First up, President George Bush meets again with General Motors Chairman and Chief Executive Officer Rick Wagoner, Ford CEO Alan Mulally and Chrysler CEO Tom LaSorda.
On Tuesday, 1,500 UAW delegates meet in downtown Detroit to discuss issues for upcoming negotiations. The UAWâs contract with GM, Ford and Chrysler expires in September.
Bush Focuses on Flex-Fuels
The focus of meetings with the Big Three and President Bush will be on flexible-fuel vehicles, capable of using gasoline and ethanol blends.
The Big Three has pledged to double production of flex-fuel vehicles to 2 million a year by 2010, but insists it could do more if E85 was more widely available. Bush has emphasized flex-fuel as a way to meet his vow to cut U.S. gas consumption by 20 percent in 10 years.
Bush is expected to have a look at flex-fuel vehicles at the White House. GM will show a flex-fuel Chevrolet Impala that runs on E85, Ford will show its Edge HySeries, a concept plug-in hydrogen fuel cell hybrid, and Chrysler will show its Jeep Grand Cherokee that runs on B5, a biodiesel blend.

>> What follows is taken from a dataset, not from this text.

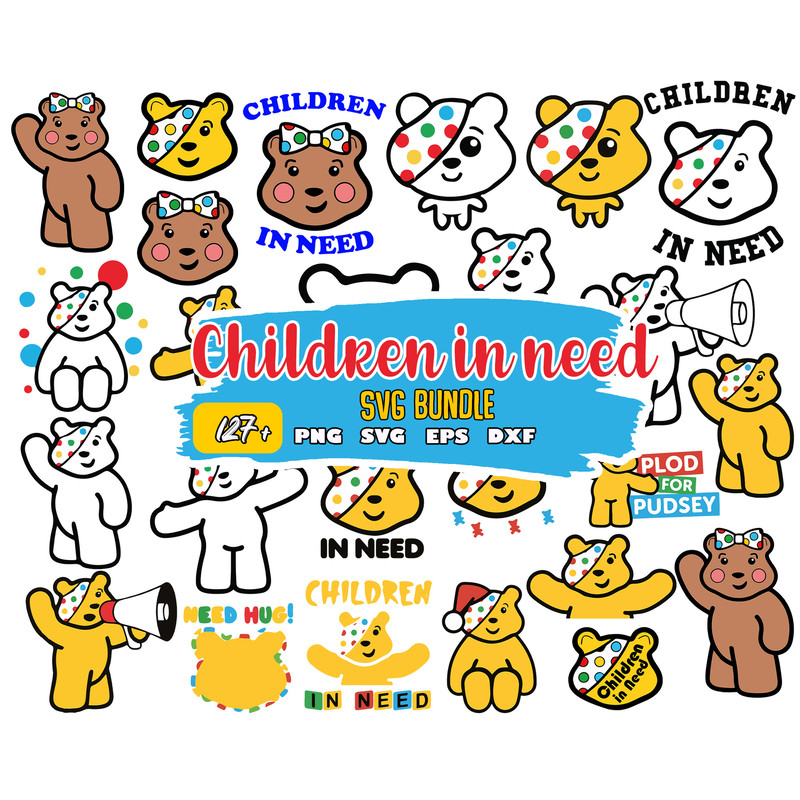 Children in Need Svg Bundle, Children in Need, Pudsey Bear, Red Nose Day, charity raising SVG.jpg
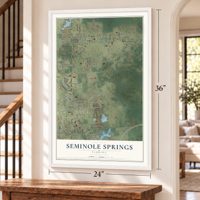 Seminole Springs, Florida map, 24 x 36 inch print in a white frame by a staircase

Last week, Bush toured GM and Ford plants in the Midwest, where the automakers promoted hybrids. Also last week, Mulally and LaSorda testified in Congress that raising fuel economy standards by 4 percent a year, under a White House plan, would be expensive and challenging.
Critical Contract Talks
The upcoming UAW-Big Three contracts talks may well prove to be the most critical in recent history.
The Big Three claim it desperately needs help on health care and pension issues. GM, in documents filed last week with the Securities and Exchange Commission, said it needed concessions from the union.
Meantime, the union is struggling to protect health care and pensions coverage for its members and retirees as well as maintain membership. Membership in the UAW dropped 17 percent to 557,000 members from 2000 to 2005.
Soldiers of Solidarity, a group of mainly workers from GM and bankruptcy parts-maker Delphi, are planning to picket, demanding the UAW leadership take a hard line with the automakers.